“Eran trecento, eran giovani e forti. E ora sono morti!”
Almeno una volta ci sarà capitato di leggere o ascoltare questa frase della “spigolatrice di Sapri”, un’opera risorgimentale che racconta un tentativo di rivolta antiborbonica che fu il preludio della spedizione di Garibaldi.
Era infatti il 1857 e un nobiluomo napoletano in esilio, Carlo Pisacane, radunò un manipolo di 300 carcerati con il sogno di creare una sommossa popolare nel Regno delle Due Sicilie. Pensava che, tramite un’azione ardita che fosse d’esempio, il popolo si sarebbe convinto a rivoltarsi contro il re.
Non fu così. E la sua spedizione finì nel sangue.
Chi era la spigolatrice di Sapri?
Nella fantasia dell’ascolano Luigi Mercantini, che scrisse il poema patriottico, la spigolatrice di Sapri era una giovane popolana intenta a raccogliere ciò che era rimasto nei campi dopo la mietitura e, per puro caso, si trovò ad assistere allo sbarco degli insorti di Pisacane. Si innamorò perdutamente di uno degli uomini, tanto da decidere di abbandonare il suo lavoro per seguirlo nell’impresa che a Padula finì davanti ai fucili dell’esercito napoletano.
L’opera, in pieno stile risorgimentale, doveva sottolineare la barbarie della monarchia borbonica che, senza pietà, uccise i trecento uomini belli, giovani e forti come tutti gli eroi, seguiti dal popolo rappresentato simbolicamente dalla spigolatrice di Sapri.
Nella realtà, i fatti andarono diversamente e lo stesso Pisacane non aveva la minima intenzione di progettare un’unità nazionale sotto la corona di Vittorio Emanuele II.
Il sogno di un socialista
Il destino è davvero bizzarro a volte. Troviamo in tutta Italia statue dedicate a Carlo Pisacane, celebrato come eroe del risorgimento e precursore dell’unità. In realtà, il nobile napoletano odiava la dinastia sabauda tanto quanto quella borbonica e si considerava una sorta di Don Chisciotte dei popoli: sognava infatti uno Stato indipendente da ogni monarchia, autogovernato dal popolo senza più la morsa della politica.
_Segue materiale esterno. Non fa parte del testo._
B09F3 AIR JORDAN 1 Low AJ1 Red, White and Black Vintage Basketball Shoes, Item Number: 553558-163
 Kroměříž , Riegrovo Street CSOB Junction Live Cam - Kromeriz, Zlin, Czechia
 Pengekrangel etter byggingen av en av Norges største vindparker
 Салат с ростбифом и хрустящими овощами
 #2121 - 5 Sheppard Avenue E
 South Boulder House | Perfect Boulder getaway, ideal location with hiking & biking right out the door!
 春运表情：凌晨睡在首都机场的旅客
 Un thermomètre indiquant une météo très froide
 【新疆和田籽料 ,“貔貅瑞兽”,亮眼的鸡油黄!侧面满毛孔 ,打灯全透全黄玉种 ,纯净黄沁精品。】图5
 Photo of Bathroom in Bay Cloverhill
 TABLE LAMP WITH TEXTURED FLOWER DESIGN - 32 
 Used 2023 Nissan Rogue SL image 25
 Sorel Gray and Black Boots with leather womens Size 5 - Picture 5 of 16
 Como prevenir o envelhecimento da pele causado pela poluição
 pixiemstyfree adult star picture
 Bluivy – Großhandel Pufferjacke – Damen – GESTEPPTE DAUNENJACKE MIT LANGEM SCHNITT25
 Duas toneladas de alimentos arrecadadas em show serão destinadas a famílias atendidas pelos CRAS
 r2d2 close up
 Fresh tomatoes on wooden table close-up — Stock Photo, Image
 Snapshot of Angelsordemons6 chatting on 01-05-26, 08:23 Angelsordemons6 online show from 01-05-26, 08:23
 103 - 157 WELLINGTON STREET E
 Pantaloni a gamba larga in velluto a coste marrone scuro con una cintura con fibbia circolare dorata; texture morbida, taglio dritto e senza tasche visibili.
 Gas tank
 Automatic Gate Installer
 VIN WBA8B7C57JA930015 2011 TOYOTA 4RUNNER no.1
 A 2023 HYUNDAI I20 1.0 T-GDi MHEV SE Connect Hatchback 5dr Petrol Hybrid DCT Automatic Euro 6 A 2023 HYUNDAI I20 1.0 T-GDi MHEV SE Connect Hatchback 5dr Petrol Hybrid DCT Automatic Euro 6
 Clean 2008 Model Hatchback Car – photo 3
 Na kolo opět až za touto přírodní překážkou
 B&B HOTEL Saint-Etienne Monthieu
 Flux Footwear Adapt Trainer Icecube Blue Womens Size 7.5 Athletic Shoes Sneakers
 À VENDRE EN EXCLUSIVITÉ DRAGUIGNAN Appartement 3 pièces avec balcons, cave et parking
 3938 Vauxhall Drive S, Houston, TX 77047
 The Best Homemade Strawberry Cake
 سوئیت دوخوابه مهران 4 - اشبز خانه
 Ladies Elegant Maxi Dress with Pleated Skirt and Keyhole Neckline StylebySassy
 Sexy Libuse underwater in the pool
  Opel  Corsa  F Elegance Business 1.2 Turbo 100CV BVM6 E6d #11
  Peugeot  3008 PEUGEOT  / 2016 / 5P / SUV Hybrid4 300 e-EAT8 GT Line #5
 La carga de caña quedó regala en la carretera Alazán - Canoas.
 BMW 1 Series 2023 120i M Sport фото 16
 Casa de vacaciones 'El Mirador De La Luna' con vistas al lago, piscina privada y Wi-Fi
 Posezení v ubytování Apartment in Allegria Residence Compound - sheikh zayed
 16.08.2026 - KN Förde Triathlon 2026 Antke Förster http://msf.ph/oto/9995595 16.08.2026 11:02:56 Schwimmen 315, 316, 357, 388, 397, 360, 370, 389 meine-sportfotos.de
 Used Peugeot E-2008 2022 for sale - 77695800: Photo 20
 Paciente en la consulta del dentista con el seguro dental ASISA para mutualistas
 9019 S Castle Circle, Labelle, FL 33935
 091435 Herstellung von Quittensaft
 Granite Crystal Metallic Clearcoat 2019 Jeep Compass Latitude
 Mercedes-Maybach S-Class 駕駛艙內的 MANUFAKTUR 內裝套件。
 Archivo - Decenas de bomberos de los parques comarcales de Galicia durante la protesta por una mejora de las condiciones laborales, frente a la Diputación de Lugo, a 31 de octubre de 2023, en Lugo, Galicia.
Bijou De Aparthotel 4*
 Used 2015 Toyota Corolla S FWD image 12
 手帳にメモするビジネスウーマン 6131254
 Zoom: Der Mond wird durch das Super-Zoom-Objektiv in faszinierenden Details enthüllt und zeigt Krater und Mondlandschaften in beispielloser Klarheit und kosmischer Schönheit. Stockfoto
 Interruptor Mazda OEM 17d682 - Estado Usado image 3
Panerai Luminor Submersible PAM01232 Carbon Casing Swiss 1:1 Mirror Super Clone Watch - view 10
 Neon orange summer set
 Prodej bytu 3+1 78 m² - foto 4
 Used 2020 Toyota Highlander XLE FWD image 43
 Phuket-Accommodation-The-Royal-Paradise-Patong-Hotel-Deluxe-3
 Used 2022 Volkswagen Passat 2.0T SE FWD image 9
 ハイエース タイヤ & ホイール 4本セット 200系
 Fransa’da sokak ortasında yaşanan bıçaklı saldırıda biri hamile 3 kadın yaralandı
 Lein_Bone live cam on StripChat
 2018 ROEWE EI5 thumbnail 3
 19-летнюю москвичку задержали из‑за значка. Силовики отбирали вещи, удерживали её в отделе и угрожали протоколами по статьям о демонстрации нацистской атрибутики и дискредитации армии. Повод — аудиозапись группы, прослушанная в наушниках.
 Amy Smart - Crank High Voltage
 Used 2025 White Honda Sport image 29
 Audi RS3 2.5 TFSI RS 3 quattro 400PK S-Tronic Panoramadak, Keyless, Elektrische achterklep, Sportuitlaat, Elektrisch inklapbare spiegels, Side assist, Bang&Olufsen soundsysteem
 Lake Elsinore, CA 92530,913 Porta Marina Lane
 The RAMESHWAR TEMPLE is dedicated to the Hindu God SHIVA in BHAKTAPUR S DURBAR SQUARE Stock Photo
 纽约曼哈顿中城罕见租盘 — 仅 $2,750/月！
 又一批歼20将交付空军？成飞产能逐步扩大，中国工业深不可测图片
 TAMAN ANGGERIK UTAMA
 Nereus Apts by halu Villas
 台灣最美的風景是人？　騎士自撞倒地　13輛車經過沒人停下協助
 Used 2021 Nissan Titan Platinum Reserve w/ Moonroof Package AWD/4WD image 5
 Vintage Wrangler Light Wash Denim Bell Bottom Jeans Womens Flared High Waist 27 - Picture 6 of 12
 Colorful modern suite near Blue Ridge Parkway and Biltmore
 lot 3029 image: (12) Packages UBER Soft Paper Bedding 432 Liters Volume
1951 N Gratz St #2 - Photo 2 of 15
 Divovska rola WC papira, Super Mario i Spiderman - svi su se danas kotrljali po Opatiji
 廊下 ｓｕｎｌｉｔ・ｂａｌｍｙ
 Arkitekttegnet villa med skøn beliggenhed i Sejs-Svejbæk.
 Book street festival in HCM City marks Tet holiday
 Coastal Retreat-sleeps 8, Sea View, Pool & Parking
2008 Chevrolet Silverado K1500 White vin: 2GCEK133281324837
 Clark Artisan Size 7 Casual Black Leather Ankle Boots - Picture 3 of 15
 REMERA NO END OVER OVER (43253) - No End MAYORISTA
Era un nobile napoletano decaduto, intollerante alla vita oziosa della nobiltà borbonica. Amante della politica e della filosofia, fu il primo autore socialista in Italia: a suo avviso, infatti, l’indipendenza nazionale passava per il riscatto delle masse contadine. Fu protagonista di avventure dannunziane (quando nemmeno era nato il poeta!) fra l’Europa e l’Africa, irrequieto e sempre alla ricerca dell’azione.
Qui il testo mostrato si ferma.